1. In a process for upgrading full range shale oil derived by retorting oil shale which process is conducted by contacting said full range shale oil in the presence of hydrogen with a composite dewaxing catalyst comprising a metal and a crystalline zeolite consisting essentially of one having a silica/alumina ratio greater than 12 and a constraint index of about 1 to 12, the improvement which comprises:

contacting said full range shale oil in admixture with hydrogen with a hydrotreating catalyst at hydrotreating conditions to convert organic compounds of sulfur, nitrogen, oxygen and metal and passing substantially the entire effluent of such hydrotreating in cascade fashion into contact with said dewaxing catalyst at conversion conditions of temperature, pressure, space velocity and hydrogen concentration of a severity to hydrodewax the shale oil while simultaneously converting at least 50% of the shale oil boiling above about 750° F. to reaction products boiling below 750° F.; said severity including a temperature of 750° to 1000° F. and space velocity of 0.25 to 1 volumes of said shale oil per volume of catalyst per hour.

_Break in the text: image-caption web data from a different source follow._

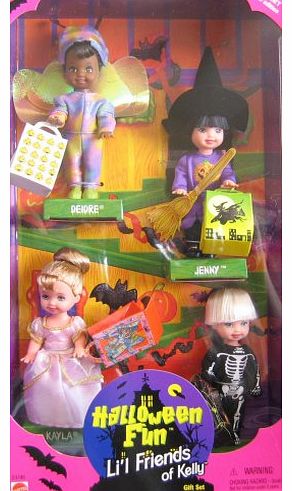 Barbie Small Friends Target Special Edition Halloween Fun Lil Friends Of Kelly 4 Small Doll - Deidre - Jenny - Tommy - Kayla - Dollls about 4`` inches tall By Mattel in 1998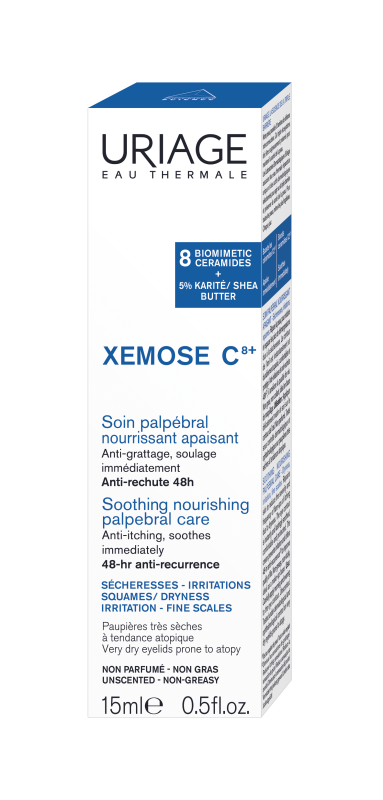 URIAGE, XEMOSE C8+ kremas akių sričiai, 15ml
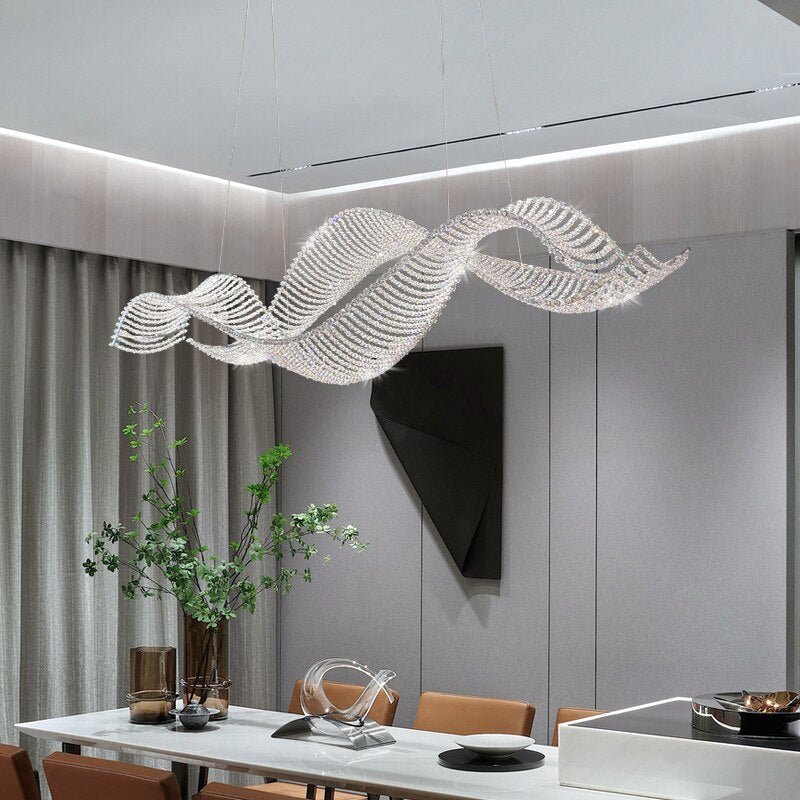 Crystal Swirl Chandelier Light-MinimalisticDecor.com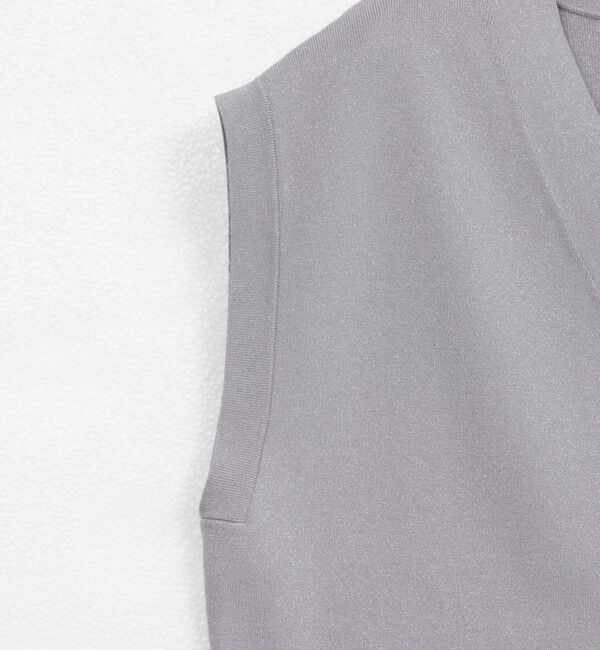 NOLLEY'S sophi「《手洗い可能》《オールシーズン/セットアップ対応》ラメ総針ニットジレ」|ニット・セーター|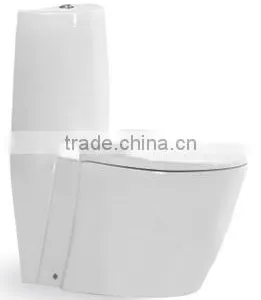 Chinese Cheap High Quality Ceramic Washdown Two Piece Toilet thumbnail-1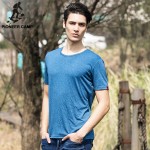 Pioneer Camp 2017 summer men T-shirt elasticity solid short sleeve t shirt mens o-neck fitness clothing soft comfortable 620019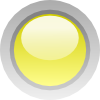 Led Circle (yellow) Clip Art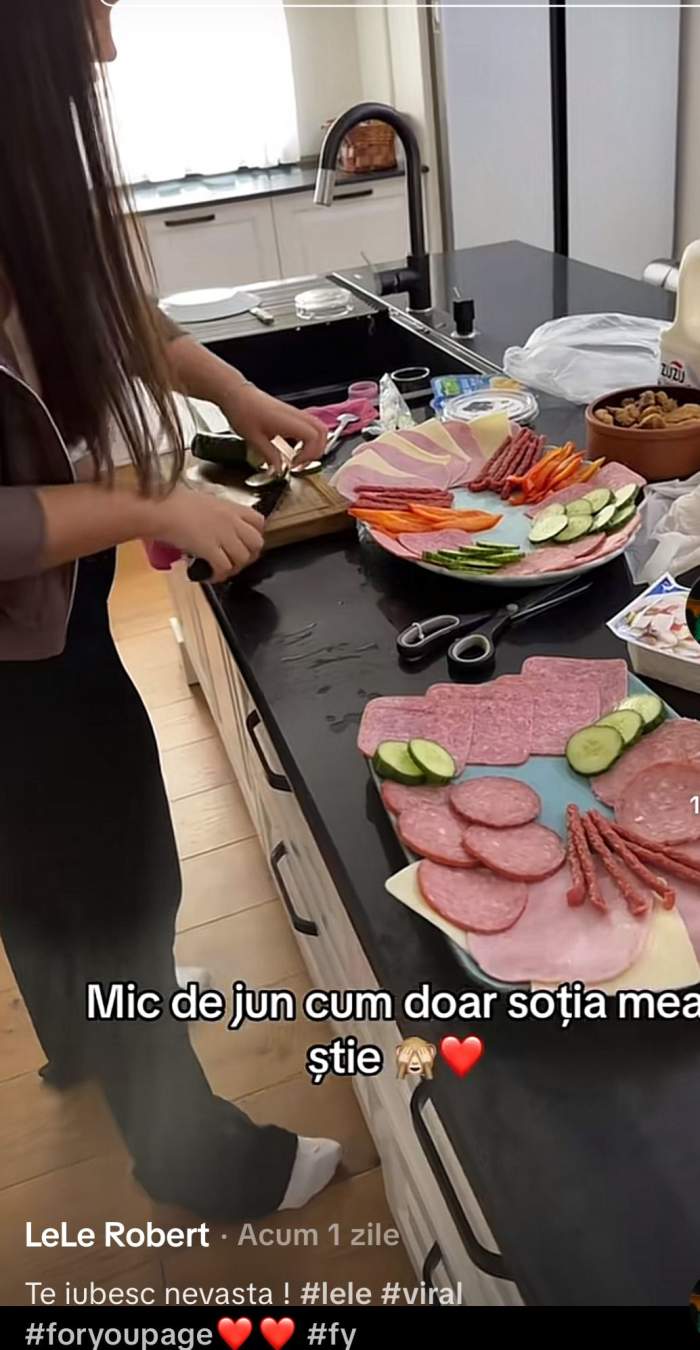 Micul dejun pregătit de Andra Volos pentru Lele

2. A process according to claim 1 wherein the metal of said dewaxing catalyst is nickel.

3. A process according to claim 1 wherein the metal of said dewaxing catalyst is palladium.

4. A process according to claim 1 wherein said severity includes a pressure of 500 to 1500 psig.

5. A process according to claim 1 wherein said hydrogen is supplied at a rate of 5 to 6 moles per mole of said shale oil.

6. A process according to claim 1 wherein said severity is at a level to convert at least 70% of the shale oil boiling above 750° F. to products boiling below 750° F.

7. A process according to claim 6 wherein said metal is palladium.

8. A process according to claim 1 wherein said composite consists essentially of said metal and said zeolite.